Be Boring, Make Money

In 2008, Paul Rudd introduced us to his character Kunu from the summer comedy, Forgetting Sarah Marshall. Throughout the film, Kunu, a carefree surf instructor, made us question some of life’s deeper truths like what you should really do when life hands you lemons or how ambiguous yet very much concrete one’s age can really be. But his best piece of advice came on the beach during one of his lessons:  “The less you do, the more you do.”

Now, that’s funny because it makes zero sense in almost every situation—almost. When it comes to investing, it actually holds true. People live in constant fear of missing out and as a result tend to do what everyone else (read: the market) is doing. Unfortunately, that process usually results in buying high and selling low, which makes it extremely difficult to accumulate wealth. So to break away from the pack follow these three guidelines:

Quit watching CNBC

It’s financial porn. Jim Cramer’s job is to get you all excited about the possibility of making big money, but you know it’s not the real deal. Actual investing is boring:  There are no flashy graphics, “buy, buy, buy” sound effects, or sweaty men yelling “booyah” to novice investors in Centerville, Ohio.

Actual investing is way less active.

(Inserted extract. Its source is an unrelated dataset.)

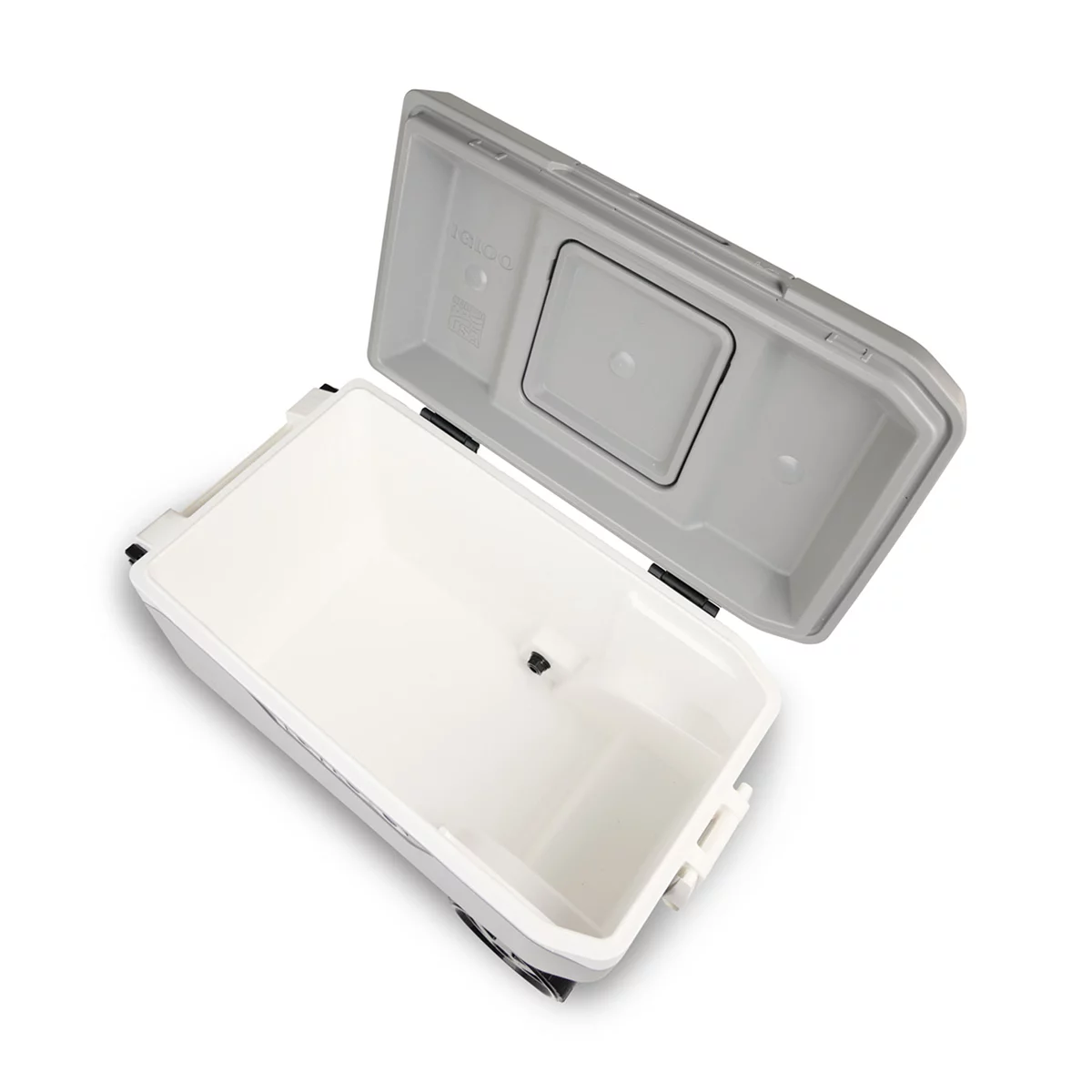 Igloo 85L MaxCold Roller Cooler Portable Ice Box Camping Beach Fishing Cooler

In his book The Behavior Gap, Carl Richards says, “Saving money, avoiding speculative investments, and repeating that process over and over may not be sexy, but it gets the job done.” People want to feel like they are doing something, so they watch CNBC and read Money magazine, adjusting their investment strategy based on the latest financial fad. Smart money sets an allocation, rebalances when necessary, but otherwise leaves it alone.

Quit thinking you’re Warren Buffett

In 2008, then Senator Barack Obama said to a group of kids, “Maybe you are the next Lil Wayne, but probably not, in which case you need to stay in school.” Well, I’m here to tell you that maybe you’re the next Warren Buffett, but probably not, in which case you need to stay in low-cost, index ETFs.

We can learn a lot from Mr. Buffett:  He is the consummate value investor, and he does not get distracted by the day-to-day movements of the stock market. You will not find a Bloomberg terminal in his office or a TV with CNBC muted in the lobby of his building. These are great qualities for an investor to have, but it would be a mistake to believe that you can match the performance of Berkshire Hathaway with your personal wealth simply because you agree with his philosophy.

Quit comparing yourself to your day trading co-worker

I know “Jim” supposedly doubled his money last year on that Netflix position, and now he’s thinking about buying put options against the yuan. But don’t listen to Jim. Jim has no idea what he’s doing, and he definitely isn’t telling you about all the times he lost money.

Do you know what the best performing stock has been over the past 30 years? It’s not Apple, Google, or Intel. It’s a company that produces flavor additives for animal feed called Balchem Corp. based out of Wawayanda, New York, and its stock is up over 100,000% since 1985. But guess what? You, Jim, and Warren Buffett all missed it because it would have been nearly impossible to predict. So quit trying; you’re just losing money and wasting time.

 

We live in the generation of now. We want to be active and engaged to see immediate results. But that’s not the way investing works. It’s slow and boring, but it’s also incredibly effective over the long run.